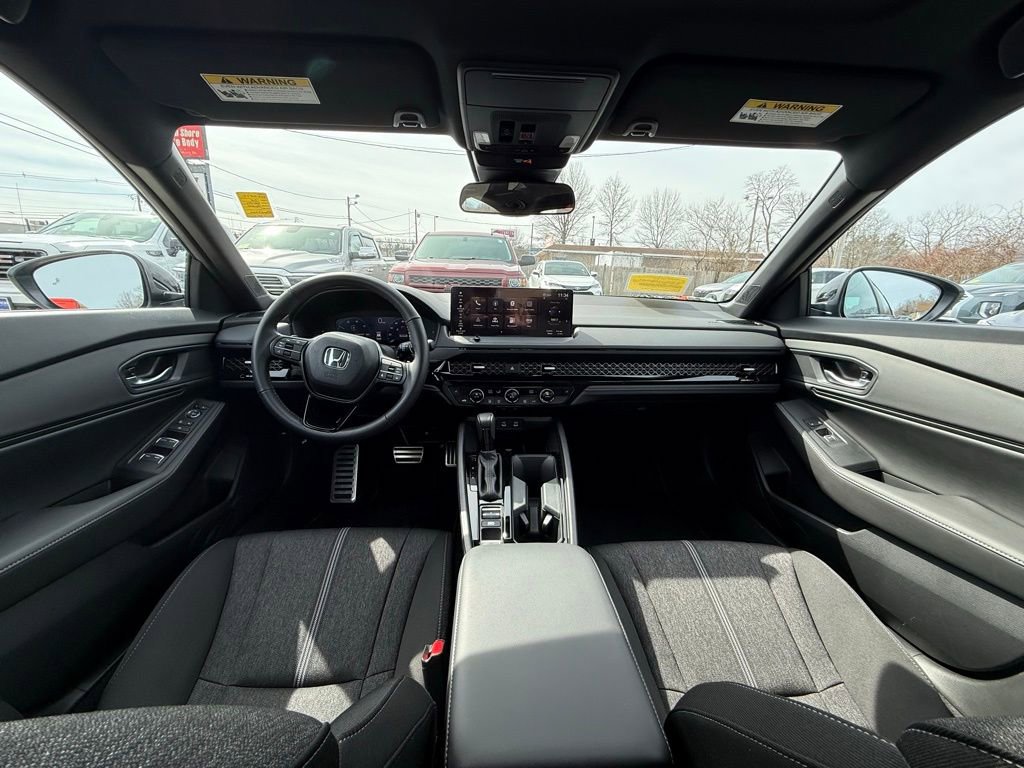 Used 2025 Honda Accord Sport image 16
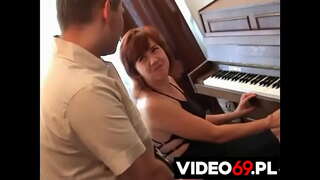 Безкоштовні еротичні фільми - музично-еротичні варіації - виступає Юлія [Подrywacze]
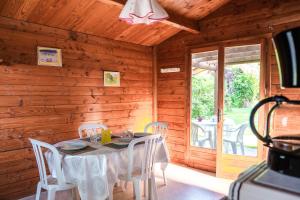 Campings DOMAINE LES EPINETTES : photos des chambres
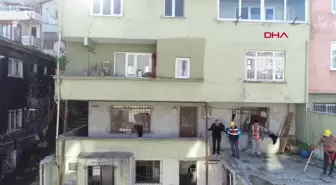 Eyüpsultan'da kentsel dönüşüm için boşaltılan binanın depo bölümü çocuk parkına düştü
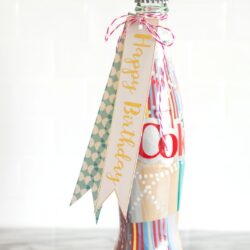 Free Printable Diet Coke Gift Tags; perfect for gifts for teachers - lots of cute gift ideas for friends or neighbors too. Love the Happy Birthday Tags!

◆ ◆ ◆ ◆ ◆ ◆ ◆

In the data above, find the line containing "Campings DOMAINE LES"; from there, please write out each line through the end, exactly, with the pictures omitted.

 Campings DOMAINE LES EPINETTES : photos des chambres
 Eyüpsultan'da kentsel dönüşüm için boşaltılan binanın depo bölümü çocuk parkına düştü
 Free Printable Diet Coke Gift Tags; perfect for gifts for teachers - lots of cute gift ideas for friends or neighbors too. Love the Happy Birthday Tags!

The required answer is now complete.